Studio album by Valley Lodge
- Released: August 16, 2005
- Genre: Power pop
- Length: 41:27
- Label: D-Text Records, Powerpop Academy

Valley Lodge chronology
|  | Valley Lodge (2005) | Semester at Sea (2009) |

= Valley Lodge (album) =

Valley Lodge is the debut studio album by the American power pop band Valley Lodge. It was first released on August 1, 2005, on the band's official Bandcamp page as a purely digital album, then was released on August 16, 2005, by the record label D-Text Records and received a physical release on CD. It was re-released in Japan on September 26, 2008, by Powerpop Academy with three bonus tracks.

==Track listing==

| No. | Title | Length |
|---|---|---|
| 1. | "Every Little Thing" | 3:14 |
| 2. | "Sold" | 3:20 |
| 3. | "If It Takes All Night" | 4:33 |
| 4. | "All Of My Loving" | 2:49 |
| 5. | "Over It" | 3:11 |
| 6. | "Hey" | 2:43 |
| 7. | "Naked City" | 3:00 |
| 8. | "Twenty-first Century Man" | 3:52 |
| 9. | "Hanging On" | 4:13 |
| 10. | "Cruel" | 3:23 |
| 11. | "That Song" | 3:38 |
| 12. | "Planetarium" | 4:04 |

==Japanese bonus tracks==

| No. | Title | Length |
|---|---|---|
| 13. | "Comin' Round" | 3:15 |
| 14. | "My Baby" | 2:39 |
| 15. | "Barricade" | 2:59 |

==Personnel==
- Dave Hill - vocals, guitar
- John Kimbrough - vocals, guitar, additional instruments
- Phil Costello - vocals, bass guitar
- Rob Pfeiffer - drums
- Candice Belanoff - bass guitar
- Pete Kohl - backing vocals, additional percussion
- Ian Pai - additional percussion

==Notes==
There is confusion as to the intended spelling of the 8th track on the album, "21st Centrury Man". On digital releases such as on Apple Music and Spotify it is spelt "Centrury", but on the Bandcamp release and physical CD release it is spelt "Century".

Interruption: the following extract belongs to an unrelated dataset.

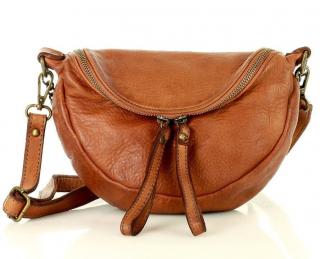 Městské italské crossbody MAZZINI z pravé kůže Vintage; hnědá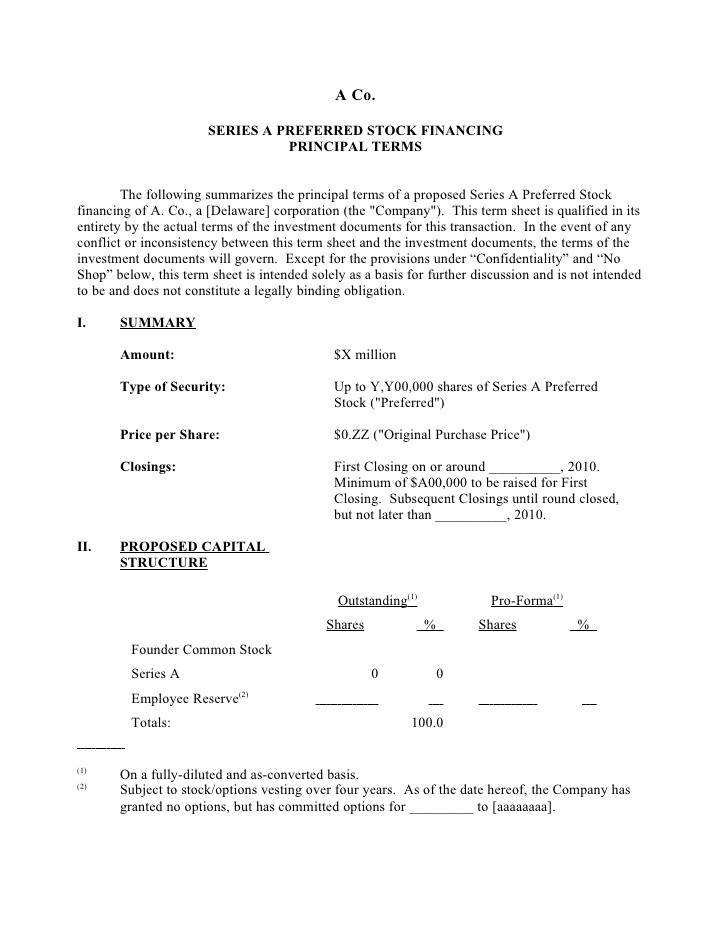 The Holy Grail Of Entrepreneurship Term Sheet Part 1 Document Contract Template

The track "All Of My Loving" received a music video, which features naked people as furniture. The music video was directed by longtime friends and collaborators Dave Hill and Rory Scovel, and was produced by Margaux Ravis.

The track "Naked City" was present on the 2011 videogame Test Drive Unlimited 2.

All of the bonus tracks on the Japanese re-release are present on their next album, Semester at Sea.